Vanuit de wet zelf zijn er geen bijzondere eisen aan de opleiding die het opleidingsrecht moet invullen. Het soort opleiding wordt breed gedefinieerd. Het kan zowel gaan om formele, als om informele opleiding. Een interne of externe opleiding. In een klaslokaal of door een collega op de werkvloer. Ook e-learning is perfect mogelijk. De opleidingen die betrekking hebben “op de materies inzake het welzijnsbeleid” komen sowieso in aanmerking.
De desbetreffende opleidingen kunnen zowel binnen als buiten de gewone werktijden worden gevolgd. In het laatste geval geven de gevolgde opleidingsuren recht op de betaling van het normale loon, maar niet op eventueel overloon.
Het gaat om een opleidingsrecht voor de werknemer, geen verplichting. Er wordt zelfs vermeld dat het niet opnemen van opleidingsdagen nooit een motivering van ontslag kan zijn.
Het duidelijk is dat de werkgever voldoende kwalitatieve opleidingsmogelijkheden moet bieden, en de werknemer ook feitelijk de kans moet geven opleiding te volgen.
In sommige situaties is er wel sprake van een opleidingsplicht van de werknemer.

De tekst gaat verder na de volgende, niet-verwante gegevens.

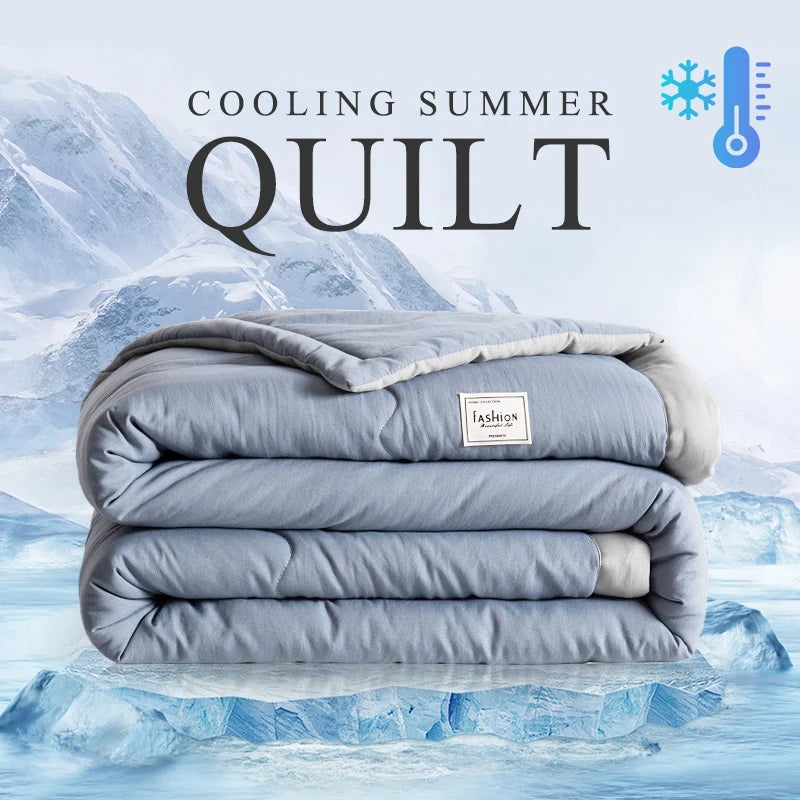 New Japanese polyester cotton quilted summer quilt skin-friendly washable light luxury style solid color lightweight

De werkgever kan oordelen dat een werknemer, in functie van zijn takenpakket, een opleiding moet volgen. In sommige settings zijn er ook verplichtingen van regelgevende en subsidiërende overheden, of van partners, …
Het saldo van niet-opgebruikte opleidingsdagen wordt op het einde van elk jaar overgedragen naar het daaropvolgende jaar, en wordt toegevoegd aan het opleidingskrediet van de werknemer in dat volgende jaar.
Het gemiddelde van 5 opleidingsdagen per jaar moet bereikt zijn over een periode van 5 jaar. Op die manier kunnen werknemers hun opleidingsdagen sparen voor momenten waarop die het meest nodig zijn.
Op het einde van de 5-jarige cyclus wordt de teller op nul gezet. Het aantal niet-opgebruikte dagen vervalt.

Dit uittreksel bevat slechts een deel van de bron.